Hashing to Reduce Work

When writes are expensive relative to reads, hashing can help to reduce work. The example we'll follow is writing n objects to a web service over an API that requires one call per object to write (e.g. a POST or PUT for a REST API), but offers a way to read all n objects in fewer than n calls (e.g. paginated GETs for a REST API). In addition to the time taken to process the request, each API call requires a network call, which can often take on the order of hundreds of milliseconds, so making n such calls can be prohibitively expensive depending on the size of n.

Now, suppose we only need to write an object if it's different from the instance currently stored on the server. The key insight is to hash the data of the object and include this hash alongside the object data written. Then, before writing the set of n objects, we first read all n objects with fewer than n API calls, compare the hash of each current object on the server (if it exists) to the hash of the new instance to be written, and only write the new one if the hashes are different. Note that this only reduces work if the ratio of unchanged objects to the frequency of performing the task described is high enough.

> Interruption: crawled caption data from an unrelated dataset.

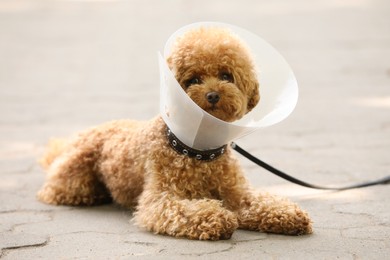 Photo of Cute Maltipoo dog with Elizabethan collar lying on pavement outdoors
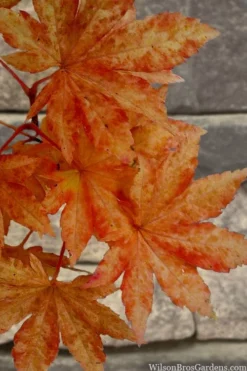 Kumoi Nishiki Japanese Full Moon Maple - 2 Gallon Pot -OLALA Plant Shop acer palmatum kumoi nishiki japanese maple 7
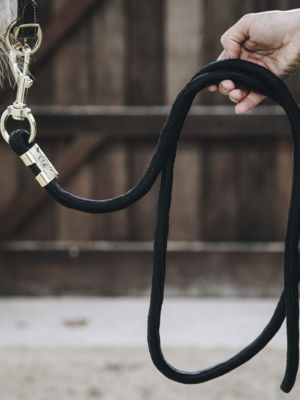 Horse Leash Basic Brown 2M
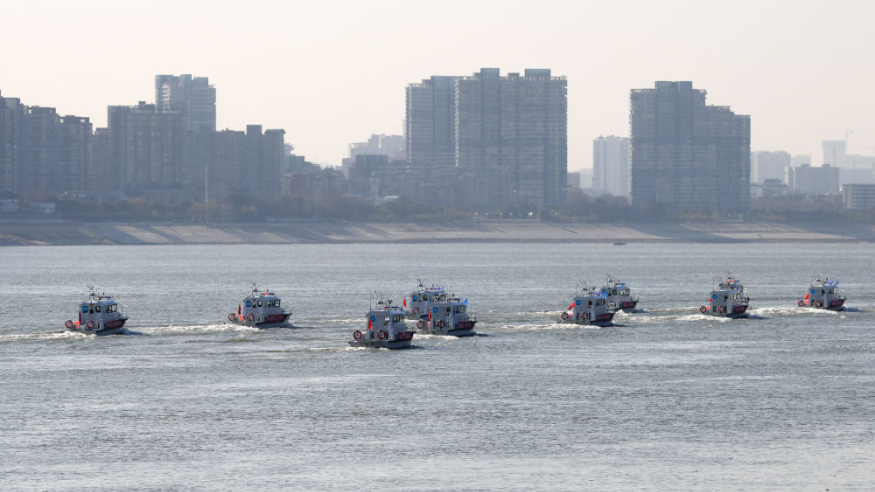 长江禁渔五年，发生了哪些变化？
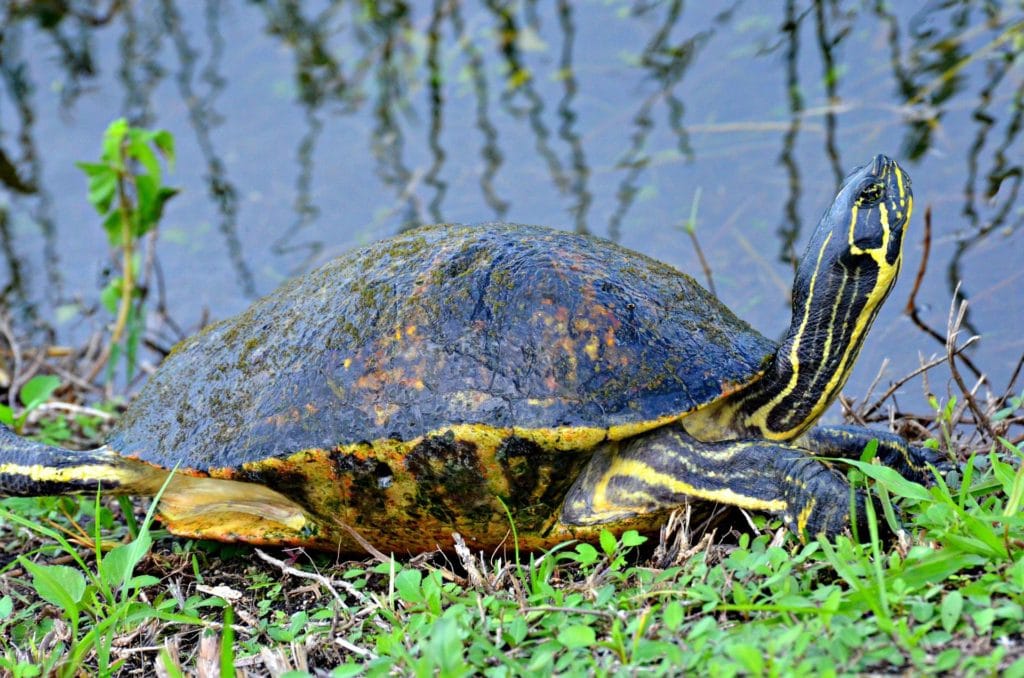 You will see lots of wildlife during the best everglades boat tours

Beyond the assumed efficient reads relative to writes, the time taken to generate and compare hashes should be much less than making an API call. Applying a non-cryptographic hash function like the Fowler-Noll-Vo (FNV) algorithm to the bytes of the data representing the object is probably the simplest and fastest way to compute the hash, and the result of algorithms like FNV is just an unsigned integer, which makes comparison trivial.